Records from a data collection
···
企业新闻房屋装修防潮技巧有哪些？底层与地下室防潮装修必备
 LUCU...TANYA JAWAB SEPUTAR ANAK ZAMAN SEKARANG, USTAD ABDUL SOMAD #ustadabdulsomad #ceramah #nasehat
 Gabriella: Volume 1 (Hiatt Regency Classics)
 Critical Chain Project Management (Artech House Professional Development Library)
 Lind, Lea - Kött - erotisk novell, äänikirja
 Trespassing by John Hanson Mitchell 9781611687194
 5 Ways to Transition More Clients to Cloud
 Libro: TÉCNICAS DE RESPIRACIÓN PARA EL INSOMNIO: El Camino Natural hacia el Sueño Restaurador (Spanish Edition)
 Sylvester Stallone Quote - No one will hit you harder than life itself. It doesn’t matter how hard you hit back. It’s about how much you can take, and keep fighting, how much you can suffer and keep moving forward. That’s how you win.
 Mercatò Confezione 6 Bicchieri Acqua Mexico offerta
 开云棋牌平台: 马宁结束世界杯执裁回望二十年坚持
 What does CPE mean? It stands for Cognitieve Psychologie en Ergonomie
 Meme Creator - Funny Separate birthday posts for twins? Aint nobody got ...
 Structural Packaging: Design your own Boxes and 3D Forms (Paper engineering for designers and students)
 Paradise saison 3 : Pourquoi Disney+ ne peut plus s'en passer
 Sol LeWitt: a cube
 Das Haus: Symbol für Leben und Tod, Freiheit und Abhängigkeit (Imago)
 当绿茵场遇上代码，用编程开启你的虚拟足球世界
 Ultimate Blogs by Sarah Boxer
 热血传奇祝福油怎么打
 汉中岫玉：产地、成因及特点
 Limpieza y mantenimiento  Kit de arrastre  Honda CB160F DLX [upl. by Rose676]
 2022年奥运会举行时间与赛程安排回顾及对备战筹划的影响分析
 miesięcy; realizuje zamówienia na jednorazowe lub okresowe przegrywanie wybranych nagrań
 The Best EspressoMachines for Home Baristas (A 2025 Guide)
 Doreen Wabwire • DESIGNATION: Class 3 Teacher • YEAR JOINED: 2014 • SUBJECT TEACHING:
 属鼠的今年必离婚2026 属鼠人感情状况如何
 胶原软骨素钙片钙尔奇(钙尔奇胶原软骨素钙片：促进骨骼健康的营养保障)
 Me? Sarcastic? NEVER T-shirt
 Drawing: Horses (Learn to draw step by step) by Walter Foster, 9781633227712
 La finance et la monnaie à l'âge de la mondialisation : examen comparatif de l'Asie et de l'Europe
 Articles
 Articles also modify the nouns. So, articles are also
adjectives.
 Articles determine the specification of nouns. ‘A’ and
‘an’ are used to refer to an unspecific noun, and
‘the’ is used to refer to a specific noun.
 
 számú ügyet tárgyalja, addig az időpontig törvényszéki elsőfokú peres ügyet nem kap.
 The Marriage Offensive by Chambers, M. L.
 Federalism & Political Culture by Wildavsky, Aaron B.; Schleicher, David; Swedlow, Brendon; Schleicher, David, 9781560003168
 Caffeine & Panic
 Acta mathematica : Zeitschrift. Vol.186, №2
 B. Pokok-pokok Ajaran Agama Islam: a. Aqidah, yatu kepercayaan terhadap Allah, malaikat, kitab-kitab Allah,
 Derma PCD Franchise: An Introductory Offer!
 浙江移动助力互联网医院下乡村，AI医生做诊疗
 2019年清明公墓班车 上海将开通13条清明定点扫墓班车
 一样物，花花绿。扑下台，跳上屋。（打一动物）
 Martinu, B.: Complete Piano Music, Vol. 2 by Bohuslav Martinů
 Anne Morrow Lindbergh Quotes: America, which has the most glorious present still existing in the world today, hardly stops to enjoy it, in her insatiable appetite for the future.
···
**EXERCISE REQUIREMENTS**. Taking the entries above, print exactly the lines starting at the line with "2022年奥运会举行时间与赛程安排回顾及对备战筹划的影响分析" and ending at the line with "Caffeine & Panic", both included.

**EXERCISE OUTPUT**.
 2022年奥运会举行时间与赛程安排回顾及对备战筹划的影响分析
 miesięcy; realizuje zamówienia na jednorazowe lub okresowe przegrywanie wybranych nagrań
 The Best EspressoMachines for Home Baristas (A 2025 Guide)
 Doreen Wabwire • DESIGNATION: Class 3 Teacher • YEAR JOINED: 2014 • SUBJECT TEACHING:
 属鼠的今年必离婚2026 属鼠人感情状况如何
 胶原软骨素钙片钙尔奇(钙尔奇胶原软骨素钙片：促进骨骼健康的营养保障)
 Me? Sarcastic? NEVER T-shirt
 Drawing: Horses (Learn to draw step by step) by Walter Foster, 9781633227712
 La finance et la monnaie à l'âge de la mondialisation : examen comparatif de l'Asie et de l'Europe
 Articles
 Articles also modify the nouns. So, articles are also
adjectives.
 Articles determine the specification of nouns. ‘A’ and
‘an’ are used to refer to an unspecific noun, and
‘the’ is used to refer to a specific noun.
 
 számú ügyet tárgyalja, addig az időpontig törvényszéki elsőfokú peres ügyet nem kap.
 The Marriage Offensive by Chambers, M. L.
 Federalism & Political Culture by Wildavsky, Aaron B.; Schleicher, David; Swedlow, Brendon; Schleicher, David, 9781560003168
 Caffeine & Panic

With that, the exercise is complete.